Dużo więcej sukcesów niż w klubach Łomacz odniósł z reprezentacją Polski. Ich ukoronowaniem było olimpijskie srebro zdobyte w Paryżu (na zdjęciu Rafała Oleksiewicza). W dorobku ma też mistrzostwo (w 2018 roku) i wicemistrzostwo świata (2022), złoto i brąz mistrzostw Europy (2023 i 2021), triumf w Lidze Narodów.
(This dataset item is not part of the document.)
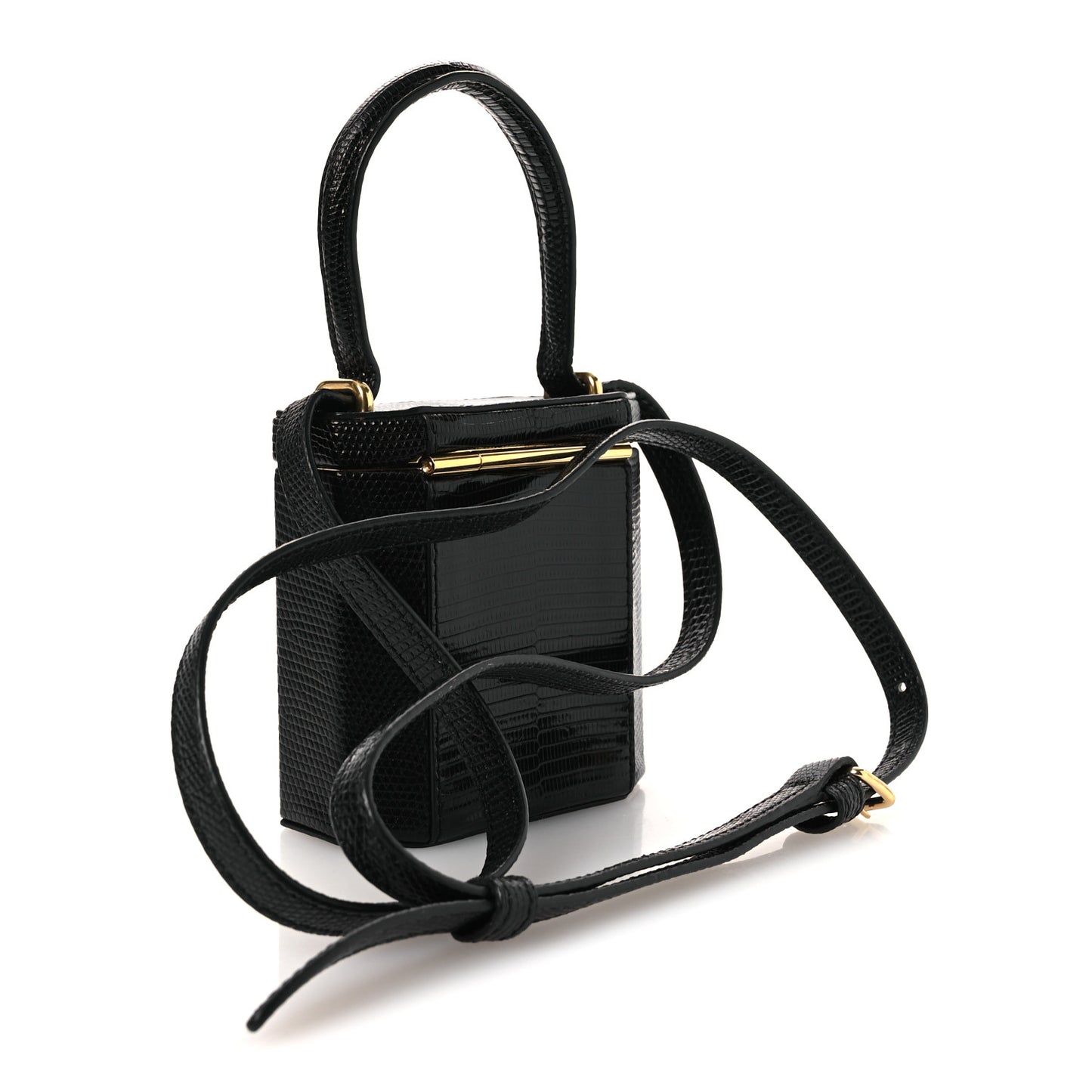 Lizard  Triomphe Mini Vanity Case Black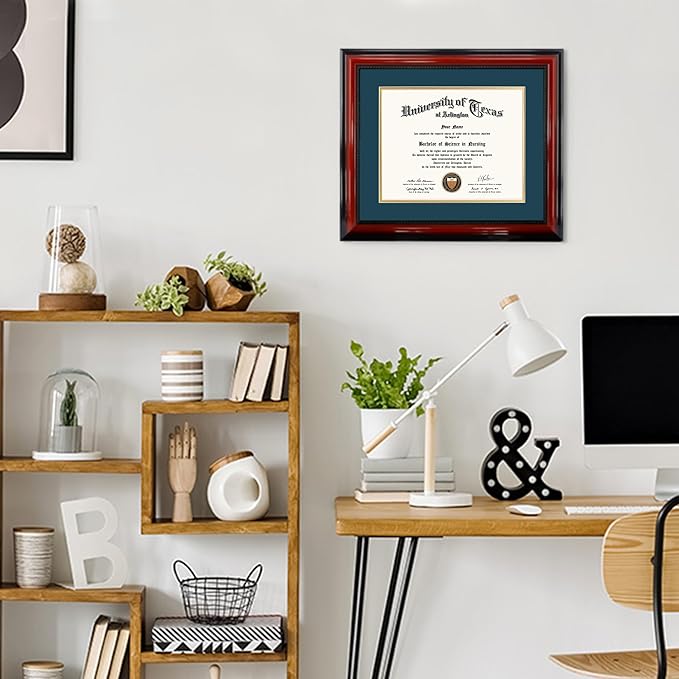11x14 Diploma Degree Frame with Navy Mat or Display 15x18 Certificates without Mat,Solid Wood,Cherry Finish with Intricate Black Rope Detail,UV Protection Acrylic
- Grzesiek Łomacz to bardzo solidny rozgrywający z dobrą głową - ocenia Wojciech Drzyzga, ekspert Polsatu Sport i były reprezentacyjny rozgrywający. - Przy mnie Grzesiek to master klasa - śmieje się. I dodaje: - Pamiętam, jak zaczynał karierę w Politechnice i muszę przyznać, że nie przypuszczałem wtedy, że zrobi taką karierę. Mimo że nie ma zbyt dobrych warunków, osiągnął wszystko dzięki pracowitości i charakterowi. Jest szanowany i lubiany przez kolegów. Cenię u niego solidność, powtarzalność i umiejętność przetrzymania trudnych chwil. W reprezentacji był zawsze numerem dwa, ale to też trzeba potrafić . Ukoronowaniem kariery Grześka jest srebrny medal olimpijski. Choć z drugiej strony jeszcze nie kończy gry w siatkówkę.